Tanpa Pengelolaan Tepat, Realokasi APBN Bisa Tekan Pertumbuhan Ekonomi

Efisiensi APBN - Belanja Birokrasi Sumbang Pelebaran Defisit APBN dan Tambahan Utang

Foto: istimewa

JAKARTA - Langkah Pemerintah untuk mengefisienkan belanja negara dengan merealokasi pos-pos belanja yang tidak produktif ke sektor yang lebih produktif dinilai sebagai keputusan tepat di tengah keterbatasan untuk meningkatkan penerimaan negara. 

Namun demikian, realokasi belanja negara juga berpotensi menekan pertumbuhan ekonomi jika tidak dikelola secara tepat.

Pengamat ekonomi dari Universitas Paramadina, Wijayanto Samirin mengatakan kebijakan efisiensi anggaran memang akan mengarahkan pembangunan lebih sesuai dengan prioritas nasional.

“Realokasi belanja APBN akan membuat sebagian pihak diuntungkan, sebagian yang lain dirugikan, tetapi paling tidak arah pembangunan akan lebih sesuai dengan yang dimaui pemerintah,” kata Wijayanto kepada Antara di Jakarta, Jumat (31/1).

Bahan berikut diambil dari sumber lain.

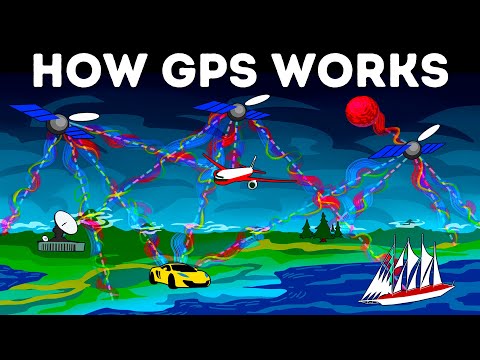 וִידֵאוֹ: כיצד עובד ניווט GPS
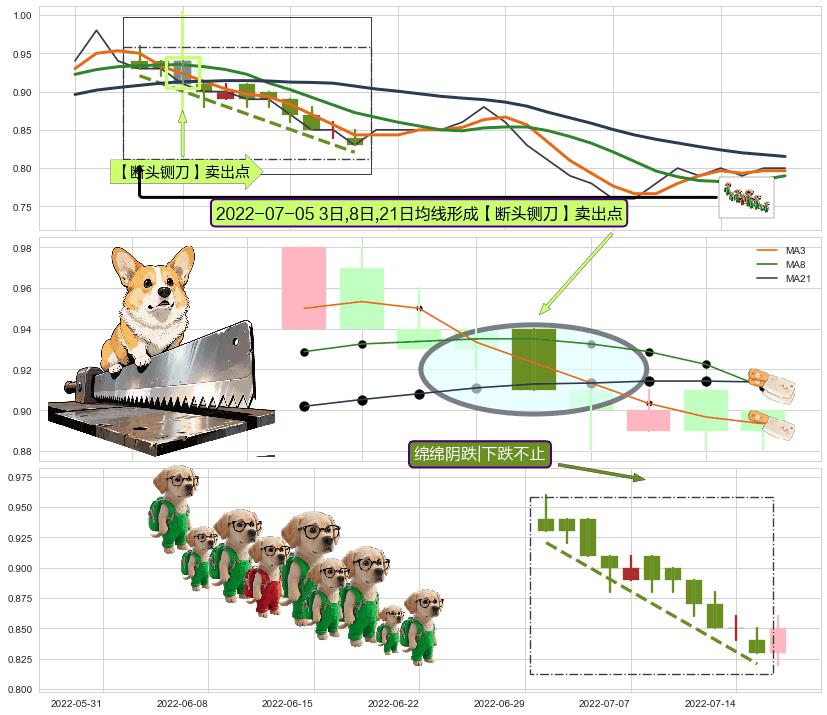 绵绵阴跌|下跌不止+墓碑十字线（墓碑线） ➕ 【断头铡刀】卖出点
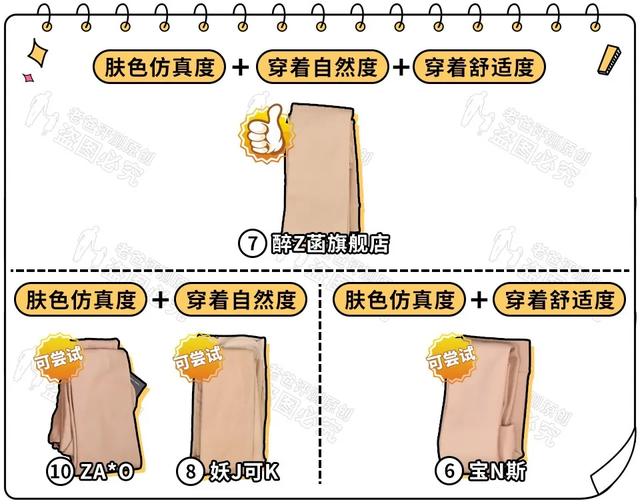 杭州一老爸实测10款热销“光腿神器”，所有人都看呆了眼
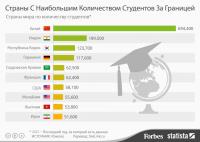 Инфографика: страны с наибольшим количеством студентов за границей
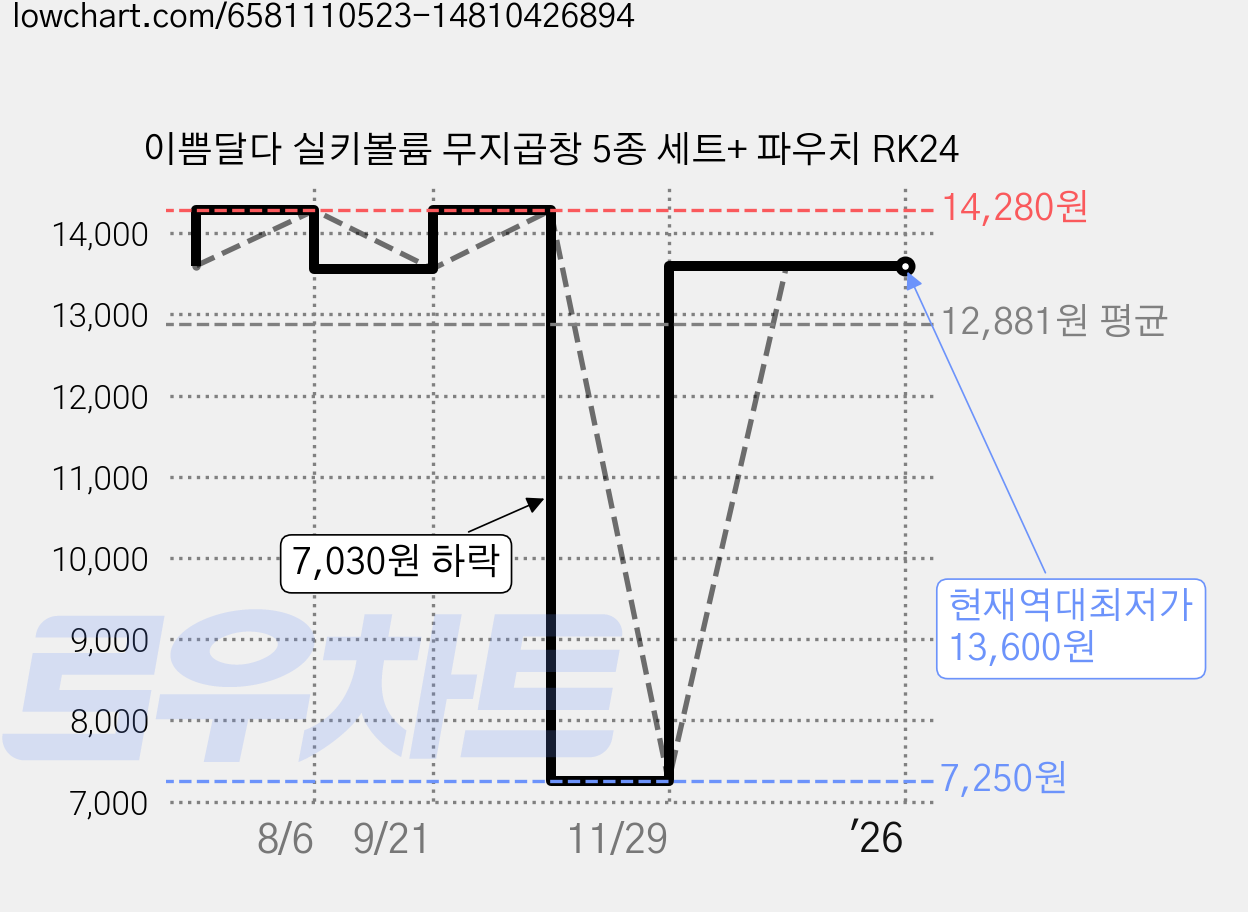 이쁨달다 실키볼륨 무지곱창 5종 세트+ 파우치 RK24 가격 변동 차트, 현재가 13,600원, 역대최저가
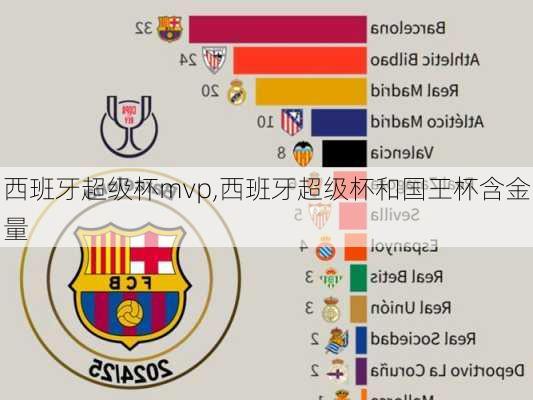 西班牙超级杯mvp,西班牙超级杯和国王杯含金量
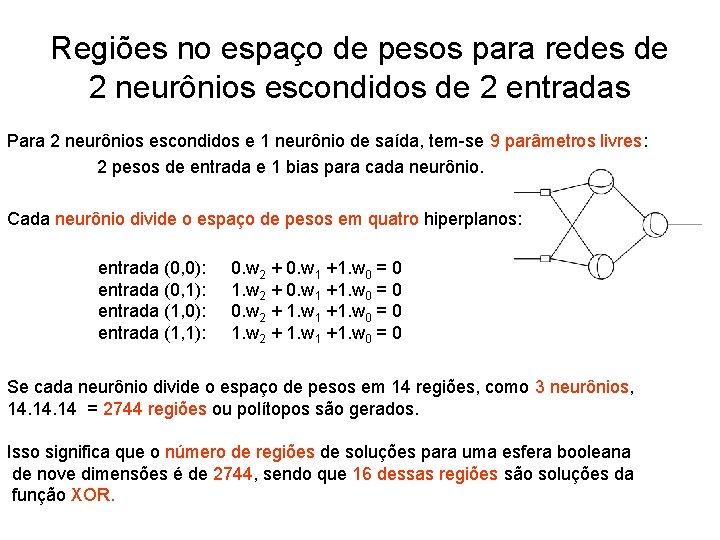 Regiões no espaço de pesos para redes de 2 neurônios escondidos de 2 entradas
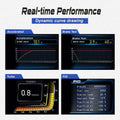 BELOAUTO Dual System OBD2 GPS Head up Display HUD - Read ECU Data, Plug and Play | Bulk Order
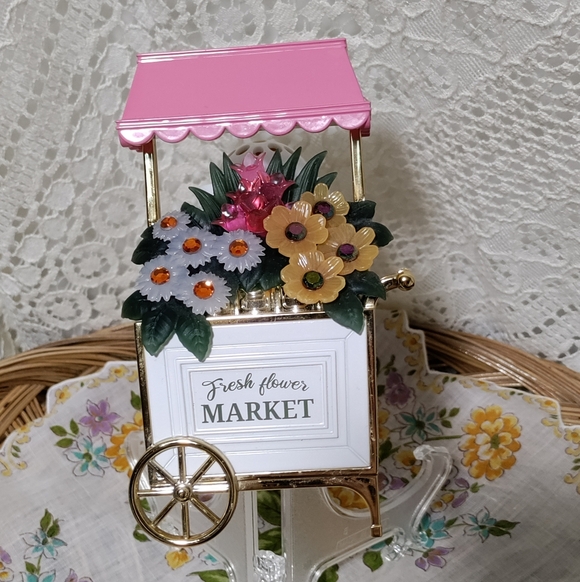 Bath & Body Works 🌷 Wall Flowers - Picture 2 of 7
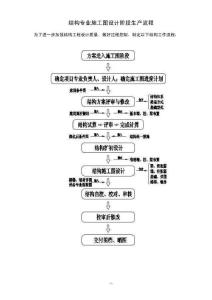 結(jié)構(gòu)設(shè)計生產(chǎn)流程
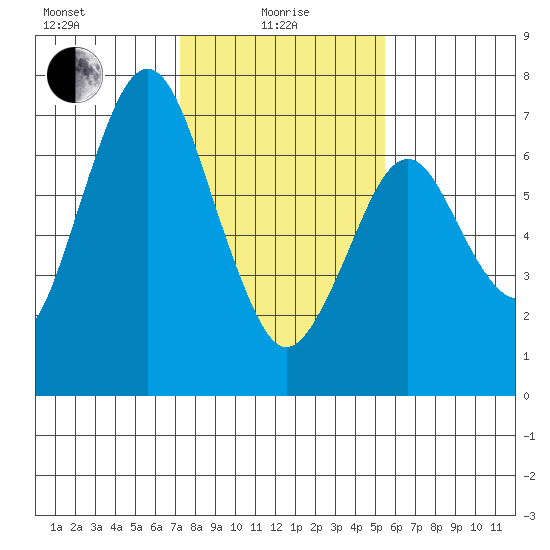 Redwood Creek Marker 8 tide chart for Saturday, January 28, 2023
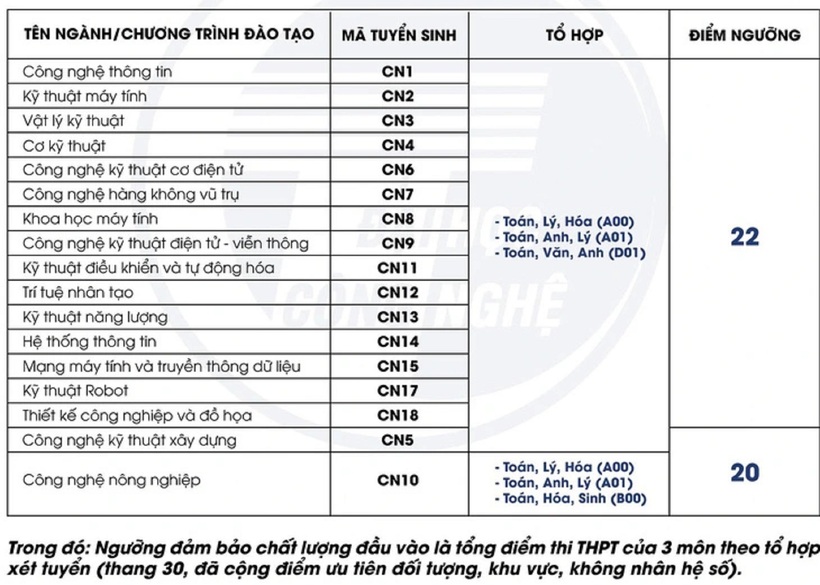 Điểm sàn Trường đại học Công nghệ - Đại học Quốc gia Hà Nội
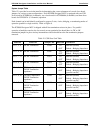 Installation And Service Manual - (page 29)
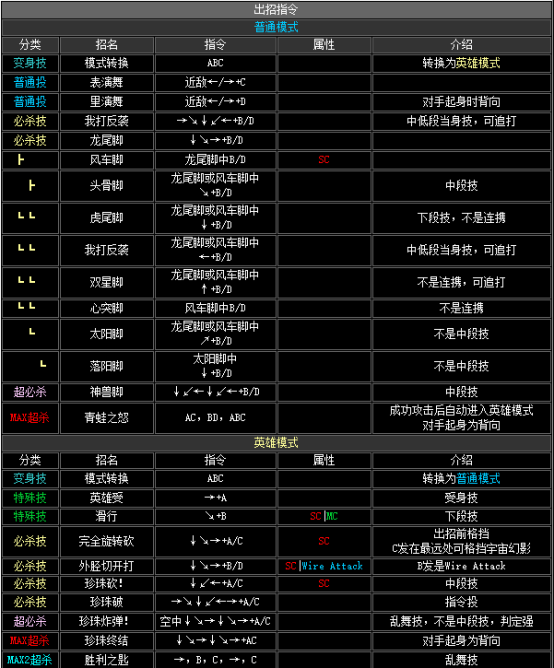 拳皇2002隐藏必杀全部（拳皇2002全人物出招表教学）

Menurut Wijayanto, dampak Anggaran Pendapatan dan Belanja Negara (APBN) terhadap ekonomi sangat bergantung pada ukuran dan alokasinya. Efisiensi pengeluaran memang bisa meningkatkan efektivitas APBN, tetapi juga bisa menimbulkan efek negatif bagi sektor-sektor tertentu.

Misalnya, pengurangan biaya meeting dan perjalanan dinas akan menekan sektor perhotelan dan transportasi secara masif. Kondisi seperti itu pernah terjadi pada awal pemerintahan Jokowi-Jusuf Kalla, namun akhirnya dilonggarkan karena dampaknya terhadap pelaku usaha dan tenaga kerja.

Realisasi efisiensi anggaran dilakukan berdasarkan surat bernomor S-37/MK.02/2025 yang dikeluarkan Kementerian Keuangan yang menetapkan pemangkasan anggaran pada 16 pos belanja, termasuk alat tulis kantor (90 persen), kegiatan seremonial (56,9 persen), serta perjalanan dinas (53,9 persen).

Pemangkasan anggaran infrastruktur, kajian kebijakan, dan jasa konsultasi jelasnya juga bisa menghambat proyek strategis atau pengembangan kebijakan berbasis riset. Sebab itu, sangat wajar apabila masyarakat mengaitkan efisiensi anggaran dengan program Makan Bergizi Gratis (MBG) yang membutuhkan dana besar.

“Pemerintah kekurangan anggaran untuk MBG, pada saat yang bersamaan Pemerintah menghemat berbagai pengeluaran, wajar jika diartikan penghematan tersebut terutama untuk memenuhi kebutuhan anggaran MBG,” tuturnya.

MBG jelasnya adalah program besar yang memerlukan pengelolaan transparan dan efisien. Jika tidak tepat sasaran atau minim melibatkan Usaha Mikro Kecil dan Menengah (UMKM) dan produsen lokal, maka realokasi anggaran justru dapat memperlambat pertumbuhan ekonomi.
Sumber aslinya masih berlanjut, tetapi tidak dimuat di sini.